<<<<

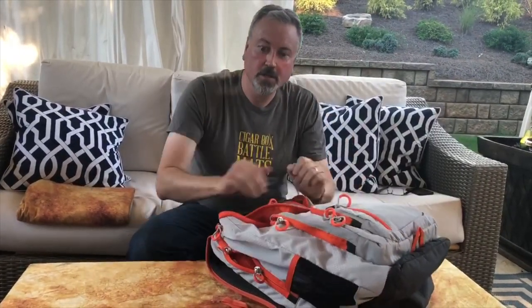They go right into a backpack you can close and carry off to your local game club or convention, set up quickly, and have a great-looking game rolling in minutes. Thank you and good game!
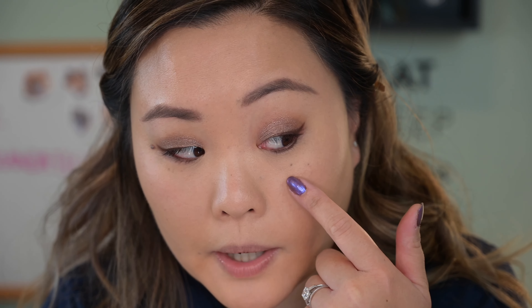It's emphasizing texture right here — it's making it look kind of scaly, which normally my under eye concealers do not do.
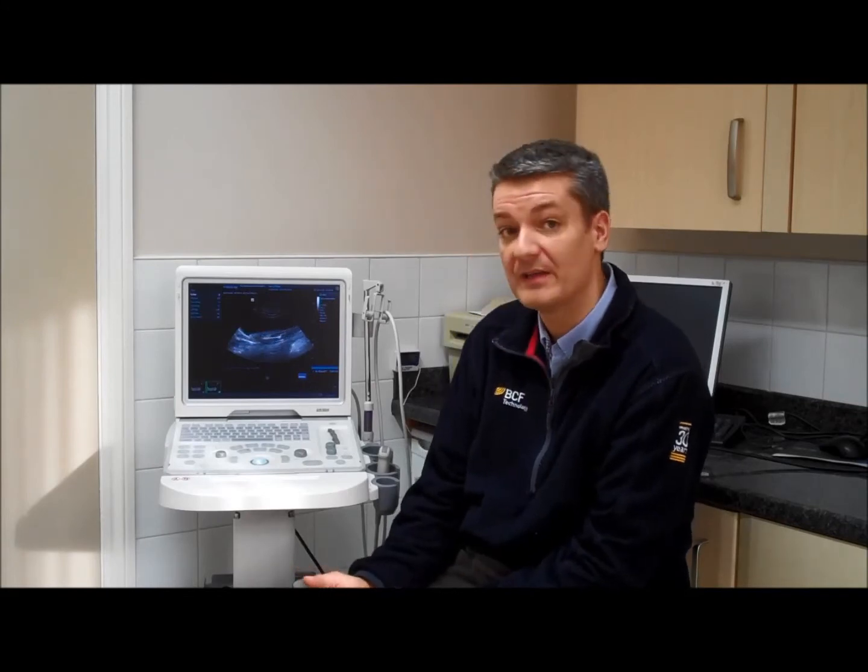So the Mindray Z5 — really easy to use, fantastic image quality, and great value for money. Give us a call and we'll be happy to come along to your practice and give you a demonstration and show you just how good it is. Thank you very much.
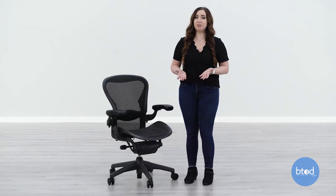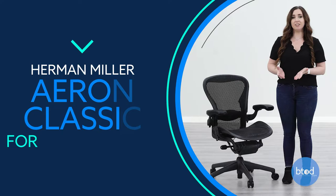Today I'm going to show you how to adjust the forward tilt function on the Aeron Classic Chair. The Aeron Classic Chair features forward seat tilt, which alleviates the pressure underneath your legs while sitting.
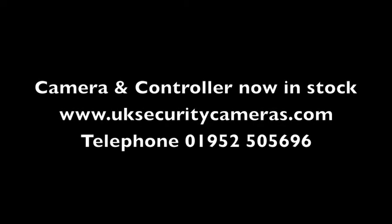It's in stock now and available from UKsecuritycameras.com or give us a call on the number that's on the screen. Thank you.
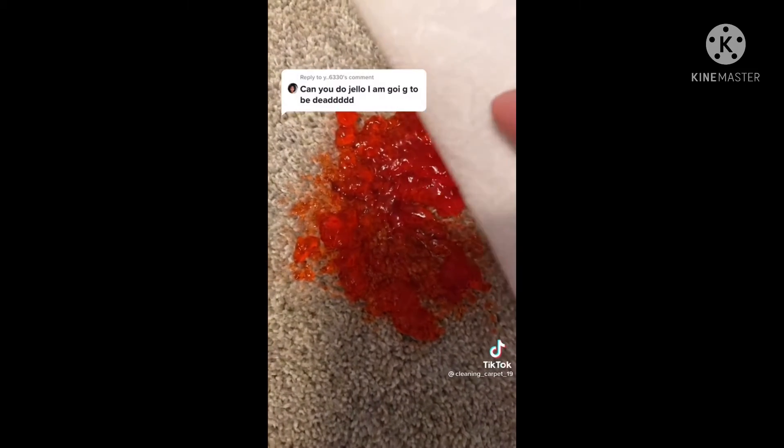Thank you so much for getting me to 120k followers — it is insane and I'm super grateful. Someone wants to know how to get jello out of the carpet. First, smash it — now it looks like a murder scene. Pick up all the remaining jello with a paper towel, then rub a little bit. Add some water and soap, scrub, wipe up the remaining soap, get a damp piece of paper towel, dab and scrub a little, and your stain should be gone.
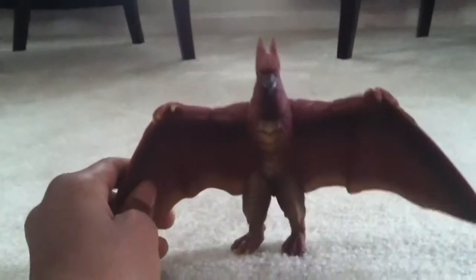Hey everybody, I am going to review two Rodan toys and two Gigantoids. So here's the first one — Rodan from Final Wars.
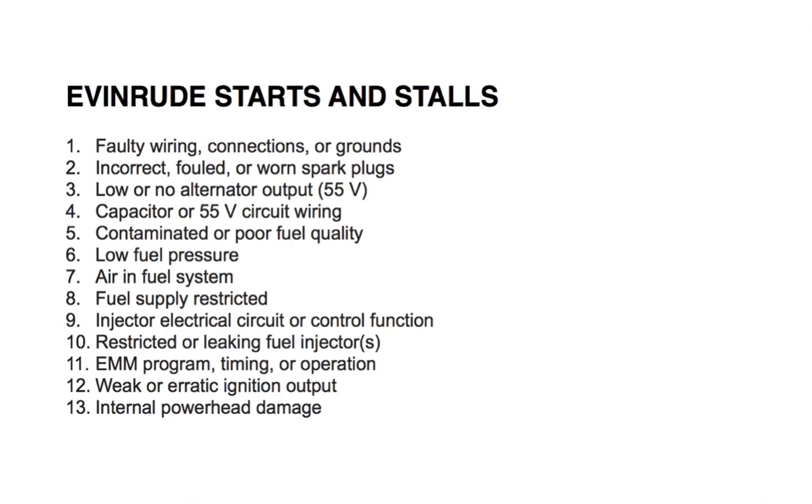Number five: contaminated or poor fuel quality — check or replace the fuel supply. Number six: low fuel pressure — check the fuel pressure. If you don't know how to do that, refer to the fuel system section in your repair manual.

>>>>
<<<<

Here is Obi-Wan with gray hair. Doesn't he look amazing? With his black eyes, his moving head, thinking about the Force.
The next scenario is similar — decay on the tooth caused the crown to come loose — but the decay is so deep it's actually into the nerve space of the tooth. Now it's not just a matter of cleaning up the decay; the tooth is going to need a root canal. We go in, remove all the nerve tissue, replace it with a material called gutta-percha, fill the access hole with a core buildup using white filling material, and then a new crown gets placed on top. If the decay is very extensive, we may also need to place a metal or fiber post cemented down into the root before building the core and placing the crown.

>>>>

#### [WHAT THIS TASK INVOLVES]
Nothing but the lines from the one containing "It's emphasizing texture" through the one containing "It's in stock" should appear, copied exactly from the material above and without pictures.

#### [RESPONSE TO THE TASK]
It's emphasizing texture right here — it's making it look kind of scaly, which normally my under eye concealers do not do.
So the Mindray Z5 — really easy to use, fantastic image quality, and great value for money. Give us a call and we'll be happy to come along to your practice and give you a demonstration and show you just how good it is. Thank you very much.
Today I'm going to show you how to adjust the forward tilt function on the Aeron Classic Chair. The Aeron Classic Chair features forward seat tilt, which alleviates the pressure underneath your legs while sitting.
It's in stock now and available from UKsecuritycameras.com or give us a call on the number that's on the screen. Thank you.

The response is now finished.